§ Exercise prompt: Restating the data word for word is all that is required.

§ Data:
:::
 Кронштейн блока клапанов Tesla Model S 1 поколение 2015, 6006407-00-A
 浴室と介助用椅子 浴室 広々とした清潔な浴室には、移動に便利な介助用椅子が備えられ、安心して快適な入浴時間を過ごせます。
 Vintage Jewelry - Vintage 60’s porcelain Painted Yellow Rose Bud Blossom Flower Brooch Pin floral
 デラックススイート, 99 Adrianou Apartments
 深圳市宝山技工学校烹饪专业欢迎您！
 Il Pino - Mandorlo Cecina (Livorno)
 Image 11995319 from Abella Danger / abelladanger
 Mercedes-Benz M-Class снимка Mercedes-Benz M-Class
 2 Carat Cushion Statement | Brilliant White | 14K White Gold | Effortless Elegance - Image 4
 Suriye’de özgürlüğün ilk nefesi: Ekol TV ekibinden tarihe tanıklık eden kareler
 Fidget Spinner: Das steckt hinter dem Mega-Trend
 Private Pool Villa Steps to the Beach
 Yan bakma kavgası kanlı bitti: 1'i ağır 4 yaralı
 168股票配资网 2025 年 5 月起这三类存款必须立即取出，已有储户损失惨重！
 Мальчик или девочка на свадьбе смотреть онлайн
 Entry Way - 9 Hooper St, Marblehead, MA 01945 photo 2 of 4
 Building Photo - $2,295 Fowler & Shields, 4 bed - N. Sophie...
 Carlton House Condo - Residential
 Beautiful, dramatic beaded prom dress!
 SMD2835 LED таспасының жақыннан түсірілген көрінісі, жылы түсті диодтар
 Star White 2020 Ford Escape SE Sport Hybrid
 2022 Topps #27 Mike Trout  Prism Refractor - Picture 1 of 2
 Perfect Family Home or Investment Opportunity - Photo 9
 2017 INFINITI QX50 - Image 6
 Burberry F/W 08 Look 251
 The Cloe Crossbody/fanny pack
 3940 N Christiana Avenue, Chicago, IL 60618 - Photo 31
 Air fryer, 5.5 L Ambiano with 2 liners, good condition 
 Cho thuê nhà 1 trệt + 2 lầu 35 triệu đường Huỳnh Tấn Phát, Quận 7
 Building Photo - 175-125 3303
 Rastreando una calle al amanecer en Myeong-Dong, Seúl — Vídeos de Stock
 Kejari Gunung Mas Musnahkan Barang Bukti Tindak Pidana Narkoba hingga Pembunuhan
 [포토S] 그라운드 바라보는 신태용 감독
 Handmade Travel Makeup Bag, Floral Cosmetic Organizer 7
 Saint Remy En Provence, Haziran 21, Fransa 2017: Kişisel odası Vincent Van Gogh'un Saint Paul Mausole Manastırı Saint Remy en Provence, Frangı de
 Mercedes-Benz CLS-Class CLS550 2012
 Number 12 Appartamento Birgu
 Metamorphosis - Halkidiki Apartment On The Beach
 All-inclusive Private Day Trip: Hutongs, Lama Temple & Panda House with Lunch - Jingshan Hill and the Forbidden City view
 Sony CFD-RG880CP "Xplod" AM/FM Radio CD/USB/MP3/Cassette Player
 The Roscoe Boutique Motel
:::
§ Expected answer:
 Кронштейн блока клапанов Tesla Model S 1 поколение 2015, 6006407-00-A
 浴室と介助用椅子 浴室 広々とした清潔な浴室には、移動に便利な介助用椅子が備えられ、安心して快適な入浴時間を過ごせます。
 Vintage Jewelry - Vintage 60’s porcelain Painted Yellow Rose Bud Blossom Flower Brooch Pin floral
 デラックススイート, 99 Adrianou Apartments
 深圳市宝山技工学校烹饪专业欢迎您！
 Il Pino - Mandorlo Cecina (Livorno)
 Image 11995319 from Abella Danger / abelladanger
 Mercedes-Benz M-Class снимка Mercedes-Benz M-Class
 2 Carat Cushion Statement | Brilliant White | 14K White Gold | Effortless Elegance - Image 4
 Suriye’de özgürlüğün ilk nefesi: Ekol TV ekibinden tarihe tanıklık eden kareler
 Fidget Spinner: Das steckt hinter dem Mega-Trend
 Private Pool Villa Steps to the Beach
 Yan bakma kavgası kanlı bitti: 1'i ağır 4 yaralı
 168股票配资网 2025 年 5 月起这三类存款必须立即取出，已有储户损失惨重！
 Мальчик или девочка на свадьбе смотреть онлайн
 Entry Way - 9 Hooper St, Marblehead, MA 01945 photo 2 of 4
 Building Photo - $2,295 Fowler & Shields, 4 bed - N. Sophie...
 Carlton House Condo - Residential
 Beautiful, dramatic beaded prom dress!
 SMD2835 LED таспасының жақыннан түсірілген көрінісі, жылы түсті диодтар
 Star White 2020 Ford Escape SE Sport Hybrid
 2022 Topps #27 Mike Trout  Prism Refractor - Picture 1 of 2
 Perfect Family Home or Investment Opportunity - Photo 9
 2017 INFINITI QX50 - Image 6
 Burberry F/W 08 Look 251
 The Cloe Crossbody/fanny pack
 3940 N Christiana Avenue, Chicago, IL 60618 - Photo 31
 Air fryer, 5.5 L Ambiano with 2 liners, good condition 
 Cho thuê nhà 1 trệt + 2 lầu 35 triệu đường Huỳnh Tấn Phát, Quận 7
 Building Photo - 175-125 3303
 Rastreando una calle al amanecer en Myeong-Dong, Seúl — Vídeos de Stock
 Kejari Gunung Mas Musnahkan Barang Bukti Tindak Pidana Narkoba hingga Pembunuhan
 [포토S] 그라운드 바라보는 신태용 감독
 Handmade Travel Makeup Bag, Floral Cosmetic Organizer 7
 Saint Remy En Provence, Haziran 21, Fransa 2017: Kişisel odası Vincent Van Gogh'un Saint Paul Mausole Manastırı Saint Remy en Provence, Frangı de
 Mercedes-Benz CLS-Class CLS550 2012
 Number 12 Appartamento Birgu
 Metamorphosis - Halkidiki Apartment On The Beach
 All-inclusive Private Day Trip: Hutongs, Lama Temple & Panda House with Lunch - Jingshan Hill and the Forbidden City view
 Sony CFD-RG880CP "Xplod" AM/FM Radio CD/USB/MP3/Cassette Player
 The Roscoe Boutique Motel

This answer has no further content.